Russia's president has urged Europe's security body to pressure Georgia to "drastically" change its course in dealing with regional disputes.
Few of the returnees seemed happy to be back in Georgia
In a letter to the Organisation for Security and Co-operation in Europe (OSCE), Vladimir Putin said Georgia wanted to resolve issues by force.
It follows Russia's deportation of about 130 Georgians, amid a worsening diplomatic row between the two states.
Tensions have escalated since Georgia detained four suspected Russian spies.
The four - all military officers - were released to the OSCE on Monday, but Russia has imposed a series of punishing measures against Georgia, including a crackdown on illegal Georgian immigrants.
In his letter, Mr Putin accused the authorities in Tbilisi of planning to solve the conflicts between Russia and Georgia over the two troubled Georgian regions of Abkhazia and South Ossetia by force.
The president said the OSCE should concentrate on encouraging the Georgian leadership to "drastically change its course".
He went on to say that what he called the irresponsibility of the Georgian authorities could no longer "be ignored" by the international community.
Mr Putin reacted furiously to the officers' detention on 27 September, which at the time he called an "act of state terrorism with hostage-taking".
In the latest reprisal, the deportees were flown back to Georgia on board a Russian cargo plane on Friday.
They were rounded up in police raids over the past few days and accused of immigration offences, according to media reports.
One of the deportees told Georgian television her passport had expired but another said his documents were in order.
The BBC's Matthew Collin at Tbilisi airport said the deportees walked down the ramp from the huge Russian cargo plane carrying whatever possessions they managed to bring with them.
Few seemed happy to be back in Georgia, although one woman knelt down and kissed the ground, he said.
Meanwhile a Russian plane took more Russians out of Georgia, which Moscow says is now unsafe for its citizens.
Last week, some 100 Russian officials and their families in Georgia were ordered by Moscow to return to Russia.
Estimates vary but it is believed that at least one million Georgians live in Russia.

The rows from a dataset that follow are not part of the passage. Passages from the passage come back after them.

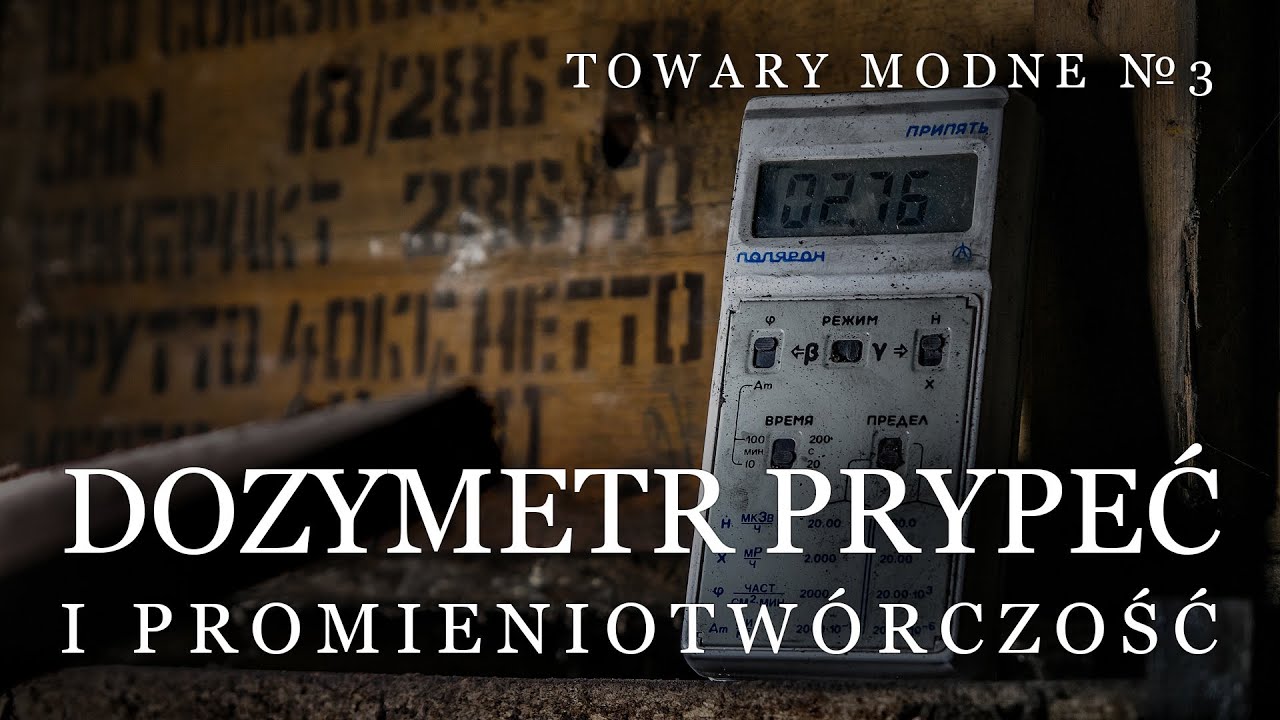 Dozymetr Prypeć [TOWARY MODNE 3]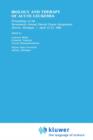 Biology and Therapy of Acute Leukemia : Proceedings of the Seventeenth Annual Detroit Cancer Symposium Detroit, Michigan - April 12-13, 1984 - Book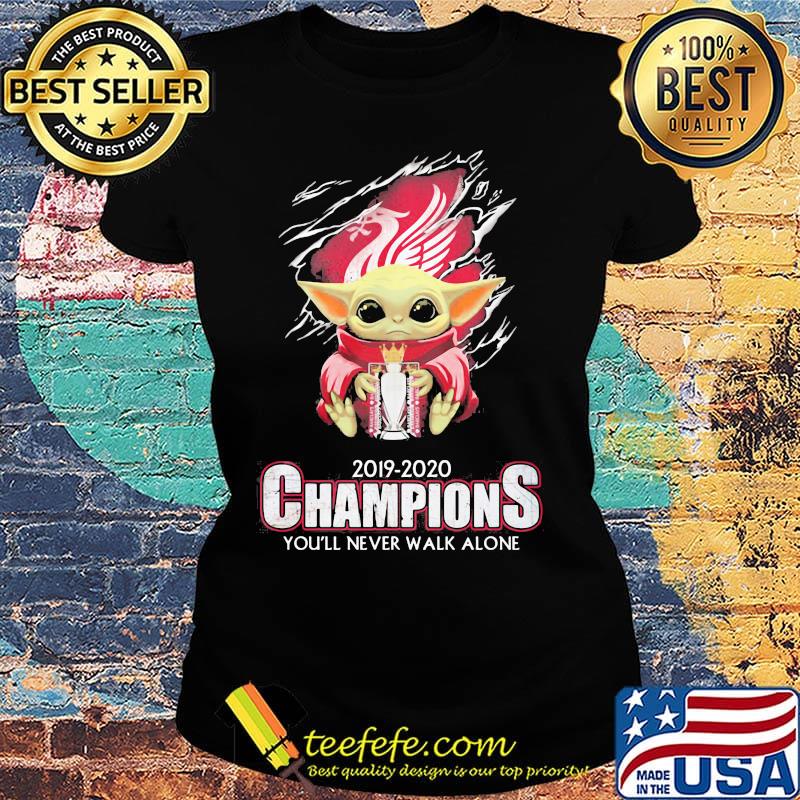 Baby yoda liverpool 2019 2020 champions you'll never walk alone s Ladies tee Baby yoda liverpool 2019 2020 champions you'll never walk alone s Ladies tee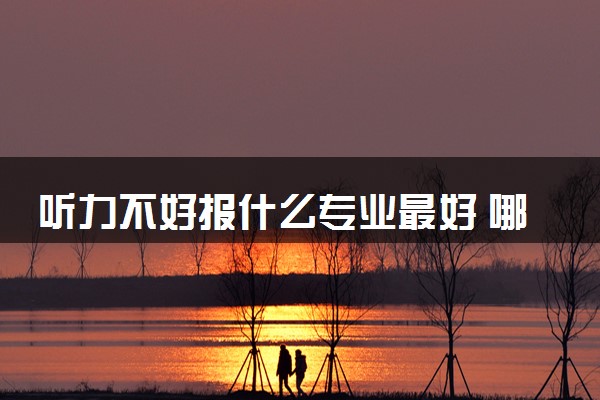 听力不好报什么专业最好 哪些专业受限不能报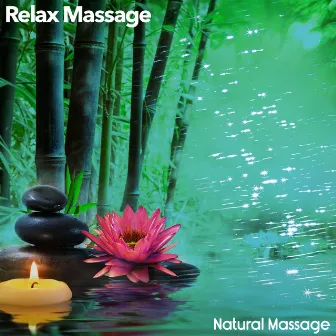 Relax Massage by Natural Massage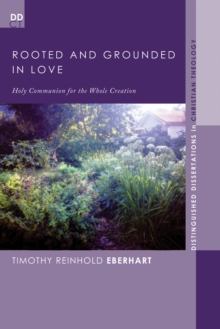 Rooted and Grounded in Love : Holy Communion for the Whole Creation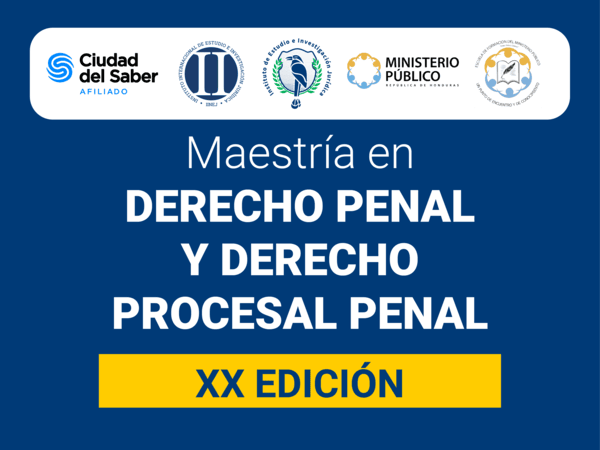Maestría en Derecho Penal y Derecho Procesal Penal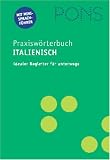 PONS Praxisw&ouml;rterbuch Italienisch - Susanne Godon, Anna Ferraris, Silvia Palermo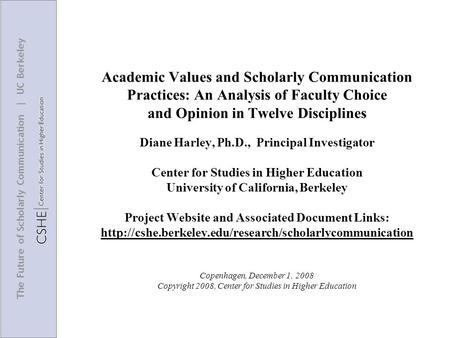 The Future of Scholarly Communication | UC Berkeley Academic Values and Scholarly Communication Practices: An Analysis of Faculty Choice and Opinion in.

Many Georgian families depend on the remittances they send home.
Moscow police have also asked schools to draw up lists of pupils with Georgian surnames as part of their search for illegal immigrants, Russian media reported.

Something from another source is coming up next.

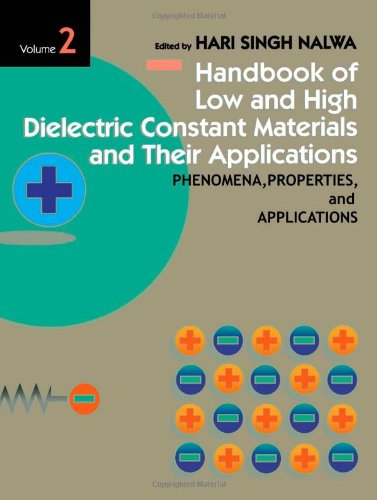 Stock image for Handbook of Low and High Dielectric Constant Materials and Their Applications for sale by PsychoBabel & Skoob Books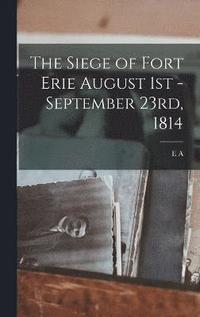 bokomslag The Siege of Fort Erie August 1st - September 23rd, 1814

Alexander Gavrilov, a spokesman for the Moscow education department, said some schools had received the request, which he criticised.
But a Russian interior ministry spokesman said no such request had been made.
Tensions between Moscow and Tbilisi have grown since the early 1990s, with Tbilisi accusing Moscow of supporting separatists in Abkhazia and South Ossetia.
Russia has accused Georgia of pursuing an anti-Russian foreign policy in seeking closer relations with the West and Nato.